San Francisco-based Lyft outlined several initiatives it already has started or is planning in a filing earlier this month with the Securities and Exchange Commission for an initial public offering of stock. The registration statement notes that as Lyft’s ride volume has grown, so have its payment-processing fees: up $109.6 million last year following a $140.3 million increase in 2017.
The so-called S-1 filling doesn’t say whether payment costs are rising in exact lockstep with ride volume. Payment fees are listed in a line item called cost of revenue that also includes insurance, where bills are rising even faster than payment fees, and hosting and platform-related technology expenses. In all, cost of revenue totaled $1.24 billion in 2018, up 89% from $659.5 million in 2017, when costs rose 136% from 2016. Higher costs in the three categories all “were driven by significant growth in the number of rides,” the filing says.
Lyft drivers have provided more than 1 billion rides since the service launched in 2012. Most rides are paid through credit and debit cards via Lyft’s mobile app, or through third-party payment services. The IPO filing outlines several ways in which Lyft is trying to rein in payment costs.

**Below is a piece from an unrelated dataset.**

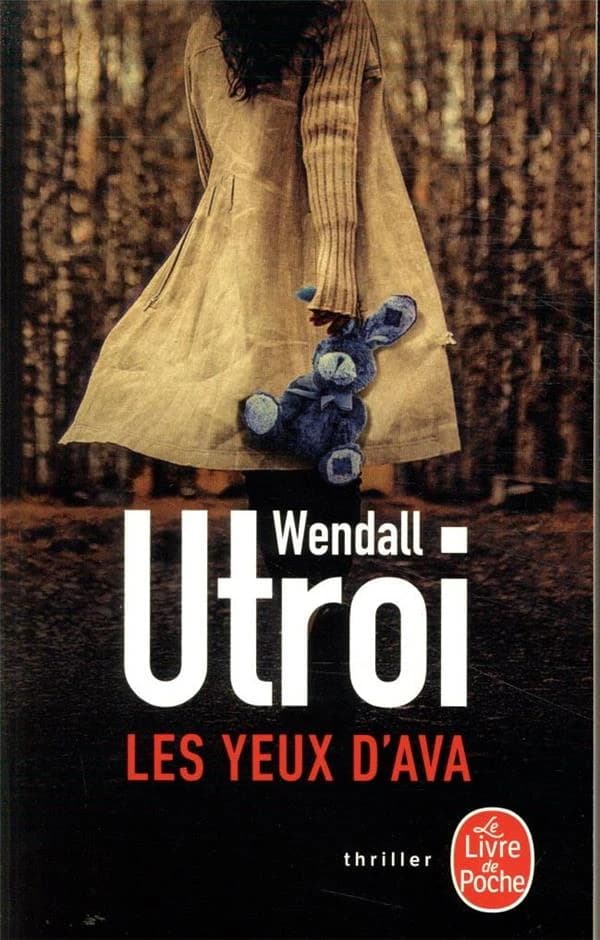 Les yeux d'Ava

“In 2018, we added an additional payment processor for credit and debit card transactions,” the filing says. “We expect the fees paid to this additional payment processor will be lower than our other primary provider.” The filing names neither provider, but San Francisco-based e-commerce processor Stripe counts Lyft as one of its customers.
Lyft also said it is revising its transaction workflows to avoid incremental fees. “For example, we are updating our payment processing to capture a ride fare and tip as a single transaction rather than two separate transactions with two separate processing fees,” the filing says.
That effort echoes a plea a Lyft executive made at a Chicago conference last summer in which he called on the payment card networks to revise their procedures to accommodate new gig-economy companies such as Lyft.
“Lyft is a high-volume business with a lot of transactions; they appear to have reached the point where they can successfully lower their cost per transaction,” e-commerce researcher Thad Peterson, a senior analyst at Boston-based Aite Group LLC, tells Digital Transactions News by email. “Combining the fare with the tip will also consolidate their volume and increase the efficiency of their payment operation.”
Lyft also indicated it’s ready to bargain for lower interchange, and might even introduce its own payment-related services. “Over time we intend to lower costs of significant portions of our portfolio by negotiating private interchange rates with larger financial institutions and by possibly creating our own payment products,” the filing says. The document doesn’t offer details, and a Lyft spokesperson did not respond to a Digital Transactions News request for comment.
“As company revenue increases so too do their payment expenses, and as they achieve scale it’s logical to explore both lower-cost alternatives as well as additional feature functionality that adds value,” says Peterson.
Lyft reported 2018 revenues of $2.16 billion, more than double 2017’s $1.06 billion. Its loss, however, increased to $911.3 million compared with a loss of $688.3 million the year before. The date of the IPO has not been set.